A Transformer-based natural language processing toolkit for (modern) Greek. The toolkit has state-of-the-art performance in Greek and supports named entity recognition, part-of-speech tagging, morphological tagging, as well as dependency parsing. Additionally, the toolkit can convert Greeklish text (Greek written using Latin characters) into standard Greek

Installation

You can install the toolkit from PyPi by executing the following in the command line:

pip install gr-nlp-toolkit

Alternatively, you can clone this repository and set up a virtual environment using the requirements.txt file. (Development was done using Python version 3.9)

Usage

Available Processors

To use the toolkit first initialize a Pipeline specifying which processors you need. Each processor annotates the text with a specific task's annotations.
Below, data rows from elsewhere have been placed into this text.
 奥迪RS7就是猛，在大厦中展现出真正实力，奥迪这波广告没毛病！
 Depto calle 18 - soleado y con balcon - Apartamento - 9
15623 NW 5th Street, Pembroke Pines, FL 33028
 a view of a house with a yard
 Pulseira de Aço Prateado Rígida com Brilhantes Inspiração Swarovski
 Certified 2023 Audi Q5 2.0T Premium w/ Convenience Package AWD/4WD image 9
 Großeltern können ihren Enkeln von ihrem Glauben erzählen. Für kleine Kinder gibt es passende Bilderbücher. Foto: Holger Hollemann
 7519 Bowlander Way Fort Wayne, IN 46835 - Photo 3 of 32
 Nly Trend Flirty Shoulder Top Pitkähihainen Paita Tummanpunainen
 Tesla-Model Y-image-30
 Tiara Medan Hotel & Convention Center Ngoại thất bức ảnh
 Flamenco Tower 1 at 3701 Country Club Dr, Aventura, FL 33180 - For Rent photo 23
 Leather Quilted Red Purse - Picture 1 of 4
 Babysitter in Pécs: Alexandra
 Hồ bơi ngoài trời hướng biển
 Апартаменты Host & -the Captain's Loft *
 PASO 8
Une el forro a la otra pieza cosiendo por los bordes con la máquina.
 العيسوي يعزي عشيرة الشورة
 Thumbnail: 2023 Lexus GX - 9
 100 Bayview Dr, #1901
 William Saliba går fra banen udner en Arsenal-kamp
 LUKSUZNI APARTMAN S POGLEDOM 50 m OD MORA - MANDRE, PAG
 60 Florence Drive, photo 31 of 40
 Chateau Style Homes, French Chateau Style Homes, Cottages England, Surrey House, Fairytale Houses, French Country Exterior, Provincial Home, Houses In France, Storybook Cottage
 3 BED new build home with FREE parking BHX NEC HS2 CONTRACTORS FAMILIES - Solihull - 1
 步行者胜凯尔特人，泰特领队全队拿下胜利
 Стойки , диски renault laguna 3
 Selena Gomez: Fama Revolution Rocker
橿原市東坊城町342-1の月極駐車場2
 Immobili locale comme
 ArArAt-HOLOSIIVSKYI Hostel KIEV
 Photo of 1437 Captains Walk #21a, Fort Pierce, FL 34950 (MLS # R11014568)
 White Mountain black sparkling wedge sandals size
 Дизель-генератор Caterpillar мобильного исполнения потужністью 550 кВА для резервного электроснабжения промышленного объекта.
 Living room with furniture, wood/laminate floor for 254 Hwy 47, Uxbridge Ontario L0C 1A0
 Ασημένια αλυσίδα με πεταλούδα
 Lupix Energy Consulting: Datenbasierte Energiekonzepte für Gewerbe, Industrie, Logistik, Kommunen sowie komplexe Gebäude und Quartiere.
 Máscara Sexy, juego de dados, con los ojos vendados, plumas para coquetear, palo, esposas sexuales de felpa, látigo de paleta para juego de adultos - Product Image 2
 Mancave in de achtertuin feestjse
  • To obtain Part-of-Speech and Morphological Tagging annotations, add the pos processor
  • To obtain Named Entity Recognition annotations, add the ner processor
  • To obtain Dependency Parsing annotations, add the dp processor
  • To enable the transliteration from Greeklish to Greek, add the g2g processor or the g2g_lite processor for a lighter but less accurate model (Greeklish to Greek transliteration example : Thessalonikh -> Θεσσαλονίκη)

Example Usage Scenarios

  • Greeklish to Greek Conversion

    from gr_nlp_toolkit import Pipeline
    nlp  = Pipeline("g2g")  # Instantiate the pipeline with the g2g processor
    
    doc = nlp("O Volos kai h Larisa einai sthn Thessalia") # Apply the pipeline to a sentence
    print(doc.text) # Access the transliterated text
    
  • DP, POS, NER processors

    nlp = Pipeline("pos,ner,dp")  # Instantiate the Pipeline with the DP, POS and NER processors
    doc = nlp("Η Ιταλία κέρδισε την Αγγλία στον τελικό του Euro 2020.") # Apply the pipeline to a sentence
    

    A Document object is created and is annotated. The original text is tokenized and split to tokens

    # Iterate over the generated tokens
    for token in doc.tokens:
      print(token.text) # the text of the token
    
      print(token.ner) # the named entity label in IOBES encoding : str
    
      print(token.upos) # the UPOS tag of the token
      print(token.feats) # the morphological features for the token
    
      print(token.head) # the head of the token
      print(token.deprel) # the dependency relation between the current token and its head
    

    token.ner is set by the ner processor, token.upos and token.feats are set by the pos processor and token.head and token.deprel are set by the dp processor.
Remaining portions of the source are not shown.